矢板市長井-藤原町藤原 栃木縣道六三號線舊道 【其一】

2676年 1月 3日 2月 9日 2677年 4月 4日 探訪

 【現在地】

 栃木縣道六三號線に關する報告も此等、
【上河内村中里-宇都宮市馬場通四 栃木縣道六三號線 通稱田原街道舊道】
【河内町上田原-宇都宮市大曾二 田原街道舊々道】
【上河内村今里-鹽谷町上平 栃木縣道六三號線舊道】
【鹽谷町大宮-上平 栃木縣道六三號線舊道】
に續いて五囘目であります。

 して、今囘は東荒川ダム建設に伴つて附替られた部分、鳥羽温泉から先と、其儘藤原町藤原の起點迄の舊道部分、主に廢道と化してゐる部分が多いのでありますが、 其等を辿つて行き度いと思ひます。
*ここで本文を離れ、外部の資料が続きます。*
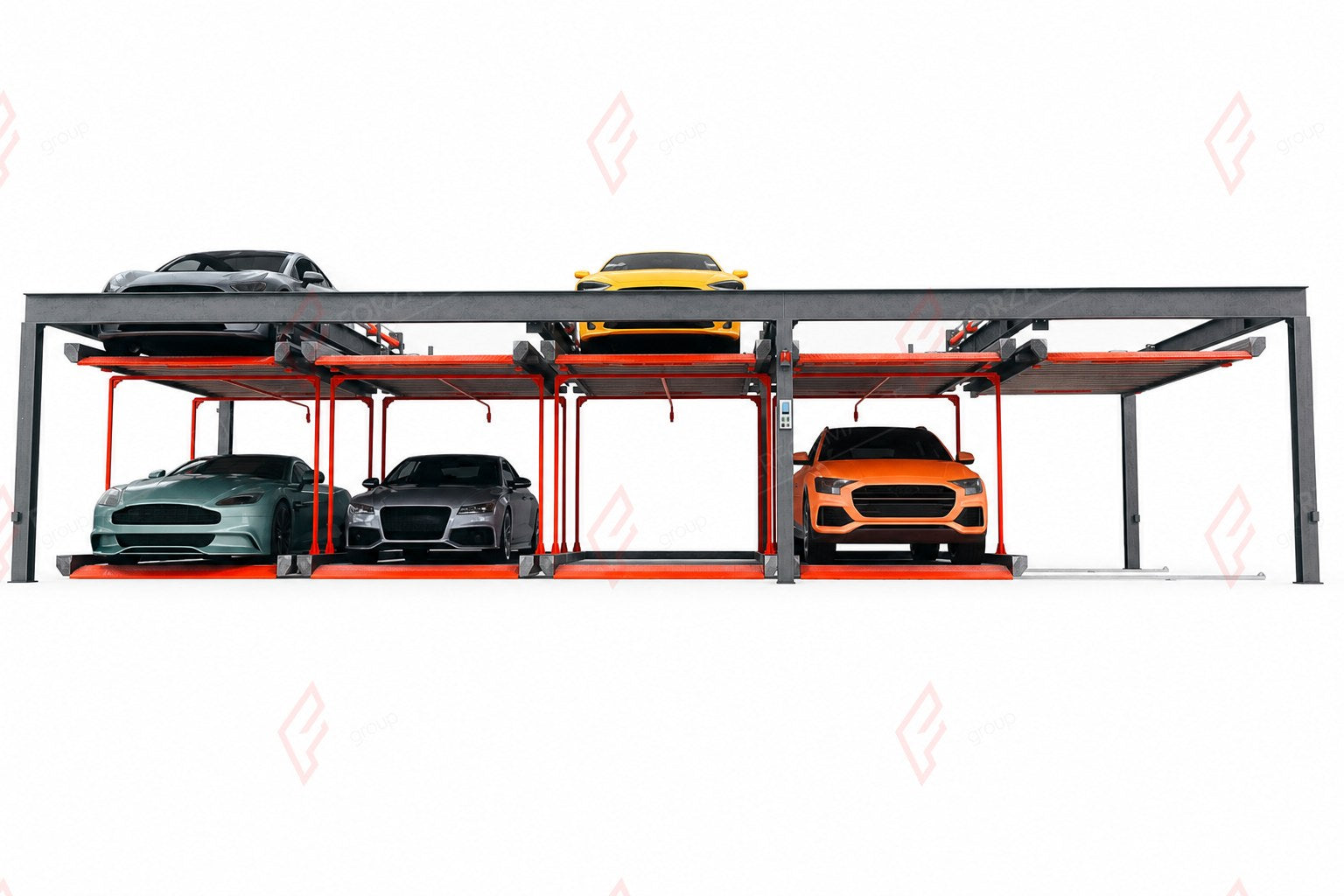 PPS Puzzle Parking System - Semi-Automated Multi-Level Car Stacker - aparcamiento puzzle / parking puzzle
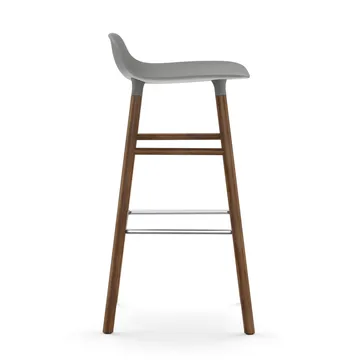 Form 吧台椅 胡桃木腿 - 灰色 - Normann Copenhagen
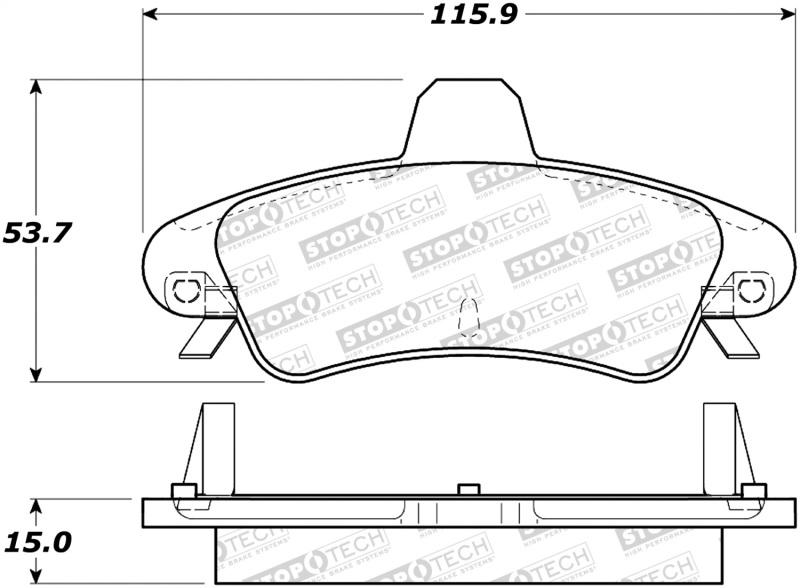 StopTech Street Brake Pads 308.08991 Main Image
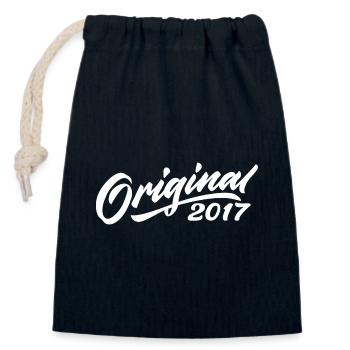 Original 2017 Geburtstagsgeschenk 2017 - Verschließbarer Geschenkbeutel aus Baumwolle (14x20cm) - Navy - Vorne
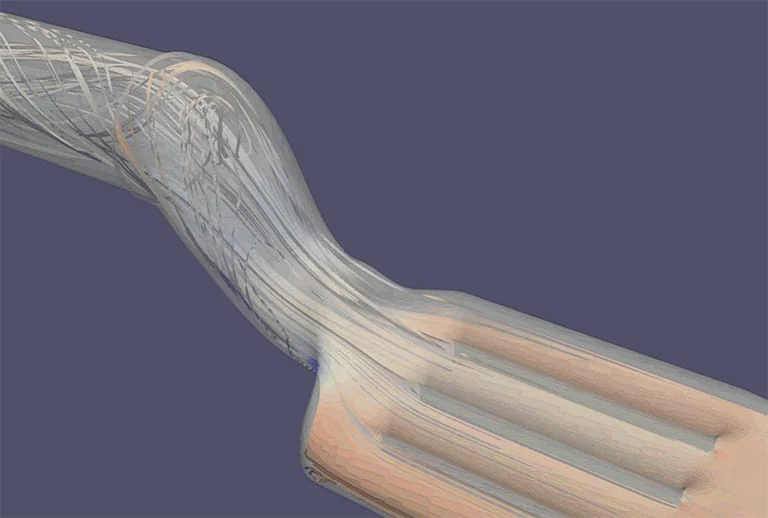 ATAG cfd simulation post processing image rendered from simscale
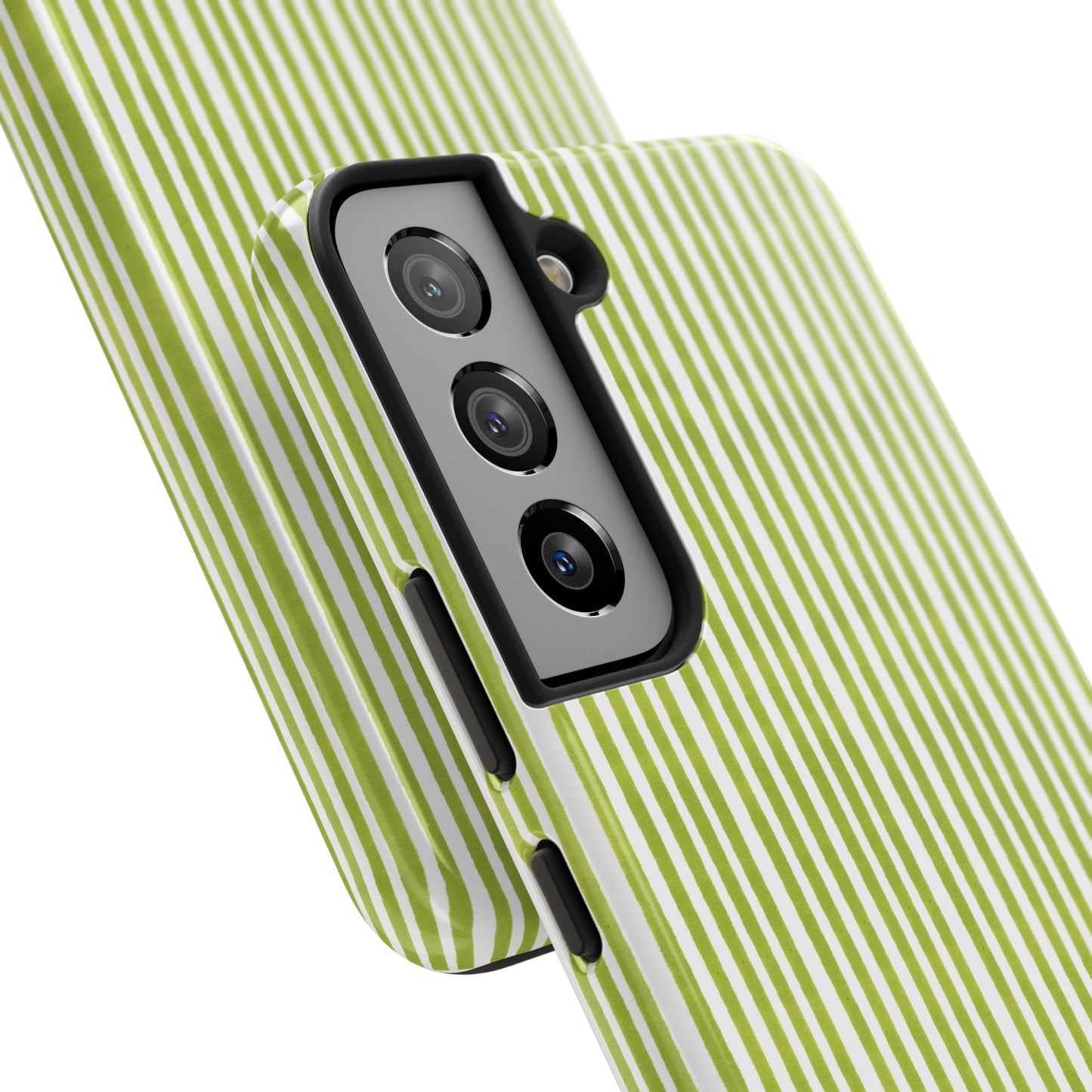 Lazy Stripe Lime Phone Case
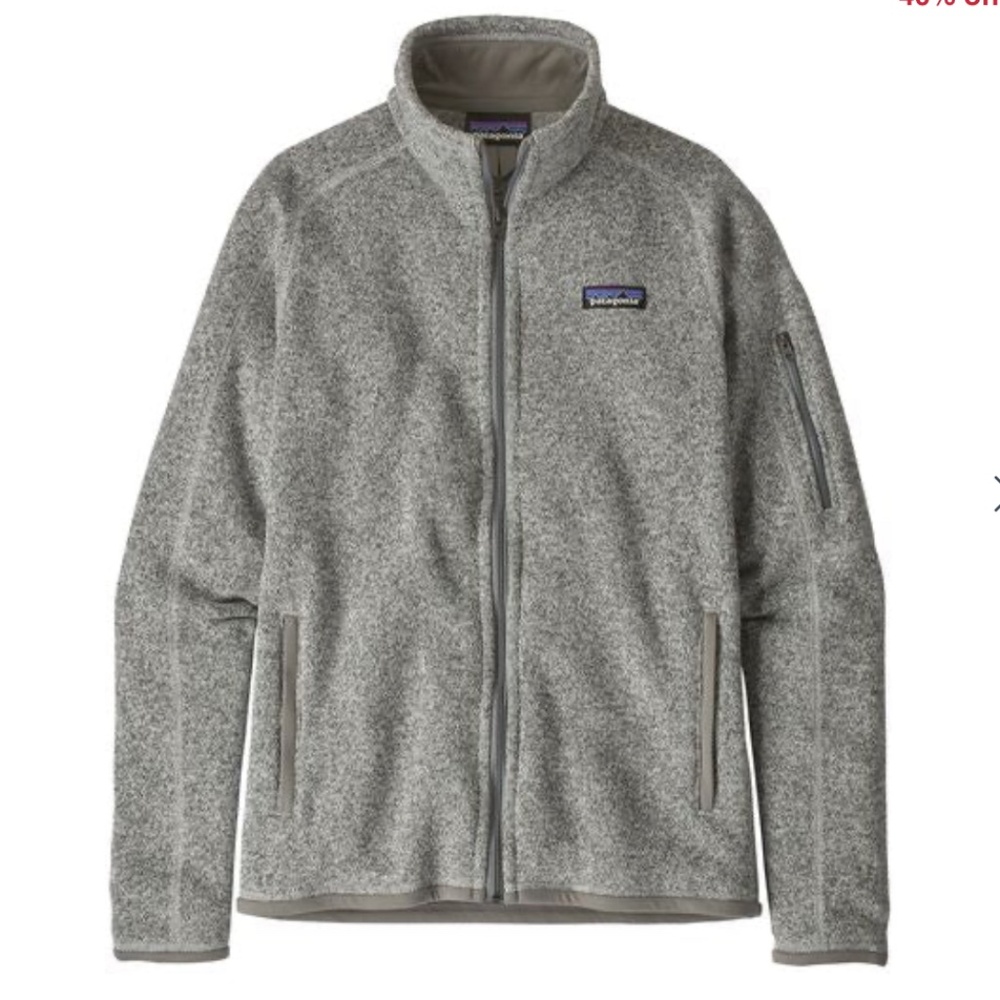 Patagonia Women's Better Sweater Jacket in light gray
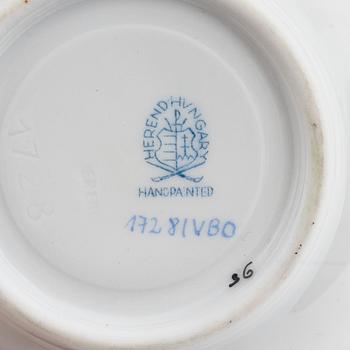 Kaffeservis, 9 delar, porslin, "Queen Victoria", Herend, Ungern.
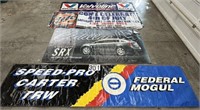 4 Banners: TRW, Miller Lite, Cadillac SRX &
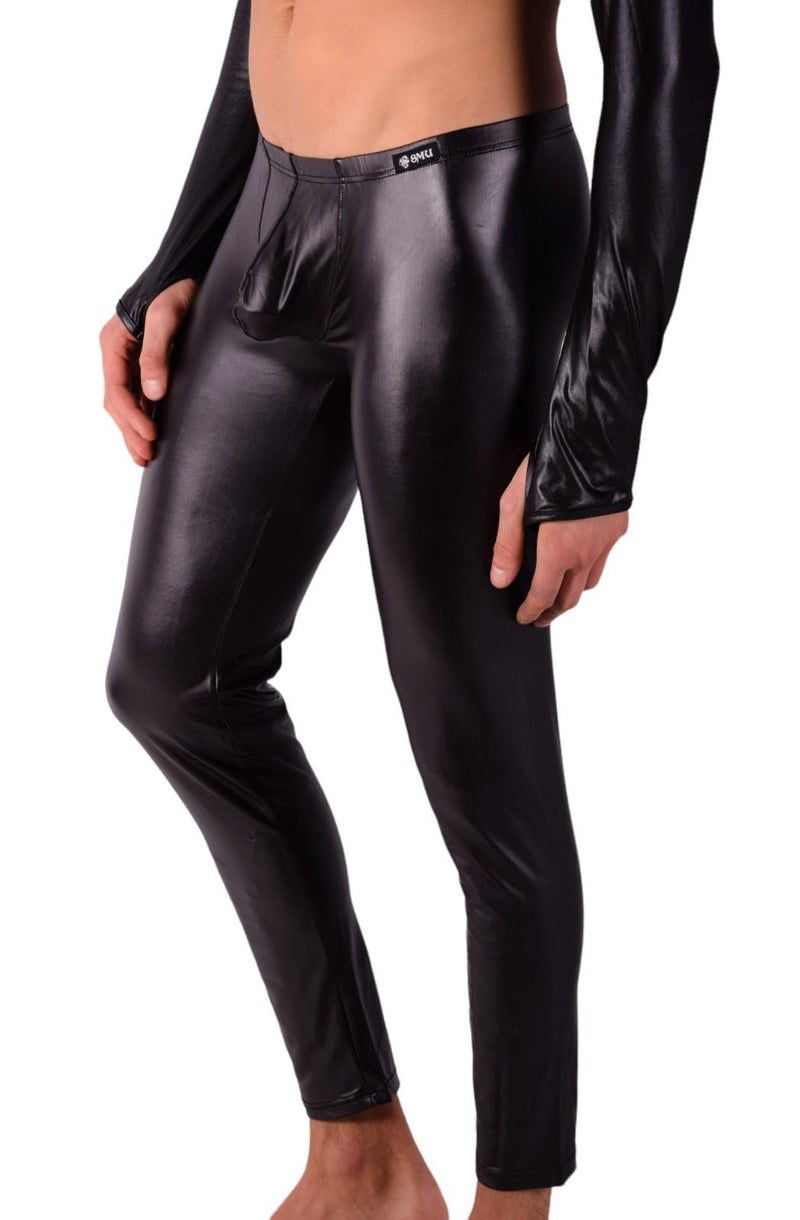 SMU Legging Leather - Look Spandex Pants Black 11757 SX118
 今更乍でありますが、栃木縣道六三號線は昭和卅九年に制定された縣道であります。
特に今囘辿る道の多くは後年に成つてから、縣道として制定される爲に新設された道が大部分だと思ふのでありますが、扨、附替に成つて仕舞つた現在は如何成つてゐるのでせうか。

 其ではいざ、參りませうか。
 【現在地】

 但し此笹薮の部分が現道との分岐點だと云はれても、一體何人の人が氣附でせうか。

 斯うして見ますれば、地面の感じからして、辛うじて小さい澤を渡る樣にな橋と云ふか、暗渠に成つてゐると云ひますか、さう云ふ感じに成つてゐると云ふのが御分り戴けるでせうか。
 藪を分入つて見ると、何故か右手を塞ぐ樣に新入防止柵が在るのでありますが、之は澤への轉落防止共思へませんので、 元々は道路側からの新入を防ぐ爲に置かれた物が、誰かが避けて其儘に成つてゐると云ふ状態でせうか。

 と云ひますか、今更激藪の此處へ入つて來るの何て野生動物の類か電線の點檢の人、若くは拙の樣に廢道好き程度でせう。
 中は一應廣場の樣に成つてゐるのでありますが、此處は元からの路盤部分では無い樣な氣が致します。
 さうして、左手を見ますと路盤跡の樣な部分を見附ましたので、其方に向つて歩み始めました處、此雪の下は澤だつた樣でありまして、思ふ樣に不渡、先に進めませんでした。
 嗚呼、一筋に見える元の道筋。
何處か行ける場所を探しませう。
 少し現道を戻つて見ますと、斯樣に立派な石積の擁壁が見えるのであります。
 手荒く立派でありますよね。

 流石に供用廢止後四十年程は經つてゐるからでせうか、擁壁の隙間から生えた木々が立派に育つて居りますよ。
 素晴しい、結構な勢ひで高度を稼いでゐると思ひます。

 まあ其分、此方も現道で下つてゐるのでありますがね。
 【現在地】

 して、何とかして元の路盤の上に立ちました。

 一見しますと大した事の無い藪だらうと思つてゐたのでありますが、正直、蔦が多くて案外進むのが厄介な状態であります。

 で以て、案外落石が有るのが意外でありました。
右手の斜面には混凝土の擁壁で造られた現道しか無いのでありますが。

 若かして、其上から落ちて來てゐると云ふ事なのでせうか。
 何か大きな石が竝んで居ります。
 と思ひましたら、崩落地點でありました。

 擁壁の一部は其儘殘つて居りますので、目地は混凝土て固められてゐるのでありますね。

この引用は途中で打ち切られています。